I am upgrading my project from Lucene 4 to 7.

FieldCache is removed in lucene 7,  DocValue is replacement?

But seems DocValue doesn't support random access.

I need random access to get some specified field value quickly.

So how to solve it?

Re: what's replacement of FieldCache in Lucene 7

Posted by Yonghui Zhao <zh...@gmail.com>.
Got it, make sense.   Thanks Adrien.

2018-04-13 19:16 GMT+08:00 Adrien Grand <jp...@gmail.com>:

> Queries should be fine: they are required to produce sorted iterators since
> 5.0 when we removed the accetDocsOutOfOrder option on collectors.
>
> Le ven. 13 avr. 2018 à 13:10, Yonghui Zhao <zh...@gmail.com> a
> écrit :
>
> > I can sort doc id and then fetch field via docvalue.
> >
> > but another big scenario for field cache is  in custom score query, we
> use
> > field cache to compute score, stored fields can't work here for
> performance
> > issue.
> >
> > If I still use docvalue, I must make sure all queries are scored in
> order,
> > I think this will introduce some performance drop?
> >
> > 2018-04-13 17:15 GMT+08:00 Adrien Grand <jp...@gmail.com>:
> >
> > > Performance may be worse with stored fields indeed. In general Lucene
> > makes
> > > the assumption that millions of documents are queried but only ~100
> > > documents are retrieved in the end, so the bottleneck should be query
> > > processing, not retrieving stored fieds.
> > >
> > > Le ven. 13 avr. 2018 à 05:27, Yonghui Zhao <zh...@gmail.com> a
> > > écrit :
> > >
> > > > My case is when I get some docs from lucene, I need also get some
> field
> > > > value of the retrieved docs.
> > > >
> > > > For example  in lucene 4, I use FieldCache like this.
> > > >
> > > > FieldCache.DEFAULT.getTerms(reader, name,
> > > > false).get(locDocId).utf8ToString();
> > > >
> > > > FieldCache.DEFAULT.getInts(reader, name, false).get(locDocId);
> > > >
> > > > FieldCache.DEFAULT.getDoubles(reader, name, false).get(locDocId);
> > > >
> > > >
> > > > while docId may be not in ascending order.
> > > >
> > > > Of course I can use stored field like this
> > > >
> > > > Document doc = indexSearcher.doc(docId, storedFields.keySet());
> > > >
> > > >
> > > > But the performance should be worse than FieldCache.
> > > >
> > > >
> > > > 2018-04-12 19:57 GMT+08:00 Adrien Grand <jp...@gmail.com>:
> > > >
> > > > > Hello,
> > > > >
> > > > > Doc values should be used instead of the field cache indeed.

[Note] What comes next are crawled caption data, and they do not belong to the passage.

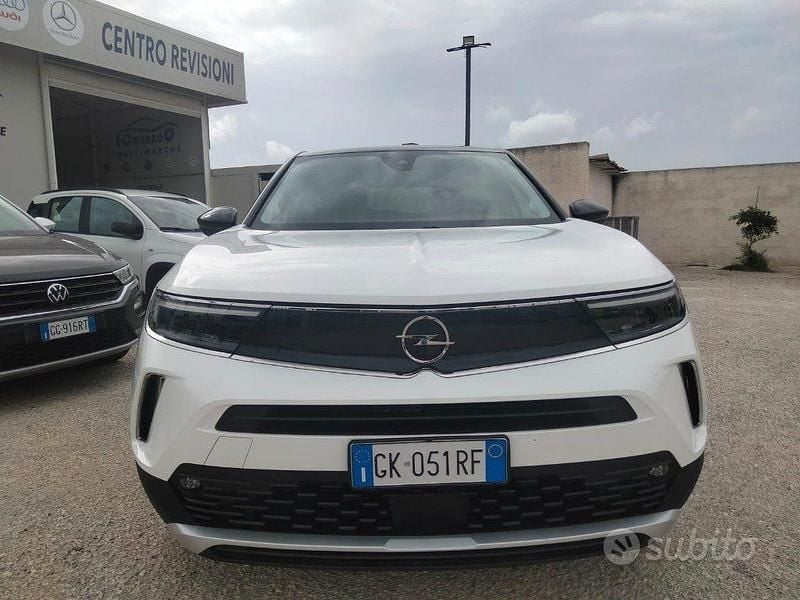 Bianco Usata 2022 Opel Mokka Elegance SUV | 17.990 € (Molto cara) - Immagine 1/4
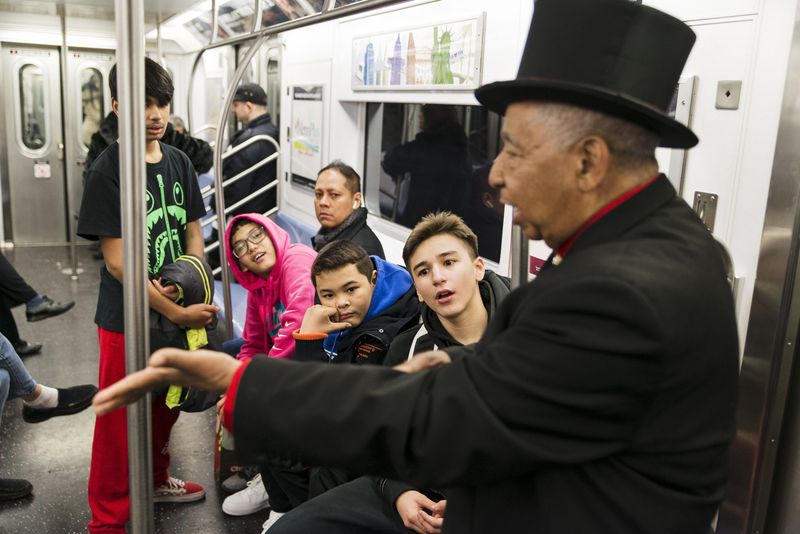 © Jaime Permuth - Olmedo + Houdini = Olmedini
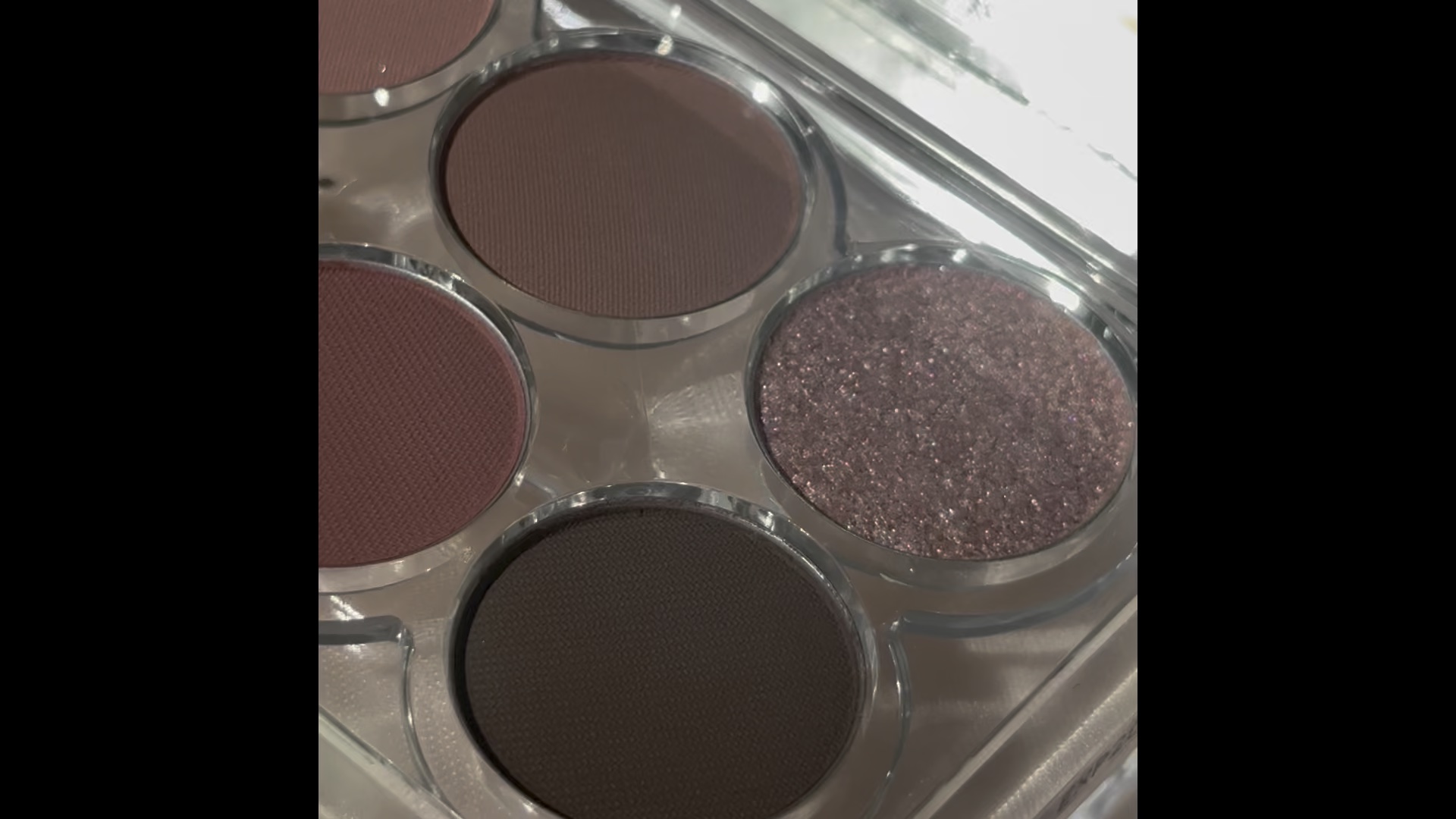 ライトオンアイズシャドウパレット/ルミル/アイシャドウパレットを使ったクチコミ（1枚目）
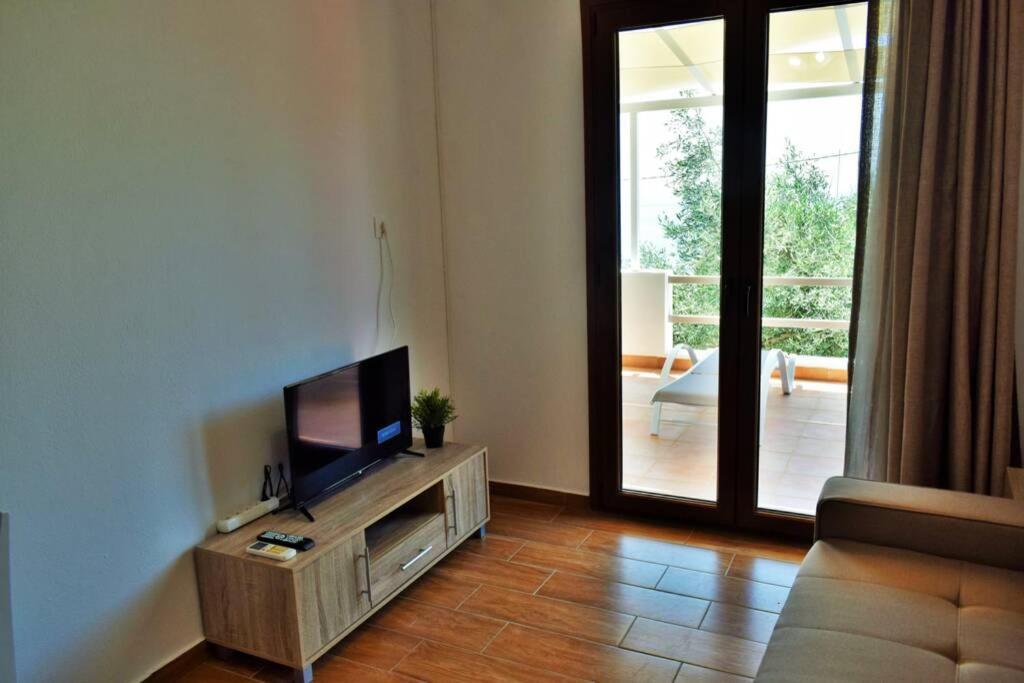 Meltemi Appartment Patitiri  Ngoại thất bức ảnh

Note
> > that
> > > > this
> > > > > require to add them to your documents at index time, eg. with a
> > > > > NumericDocValuesField.
> > > > >
> > > > > Regarding random access, maybe you can use the advanceExact API,
> > which
> > > > > exists on all doc-value iterators. Just make sure to never call it
> on
> > > > > decreasing doc IDs. If that doesn't work for you, can you describe
> > you
> > > > > use-case, maybe there are better ways to implement what you need.
> > > > >
> > > > > Le jeu. 12 avr. 2018 à 13:54, Yonghui Zhao <zh...@gmail.com>
> a
> > > > > écrit :
> > > > >
> > > > > > Hi,
> > > > > >
> > > > > > I am upgrading my project from Lucene 4 to 7.
> > > > > >
> > > > > > FieldCache is removed in lucene 7,  DocValue is replacement?
> > > > > >
> > > > > > But seems DocValue doesn't support random access.
> > > > > >
> > > > > > I need random access to get some specified field value quickly.
> > > > > >
> > > > > > So how to solve it?
> > > > > >
> > > > >
> > > >
> > >
> >
>

Re: what's replacement of FieldCache in Lucene 7

Posted by Adrien Grand <jp...@gmail.com>.
Queries should be fine: they are required to produce sorted iterators since
5.0 when we removed the accetDocsOutOfOrder option on collectors.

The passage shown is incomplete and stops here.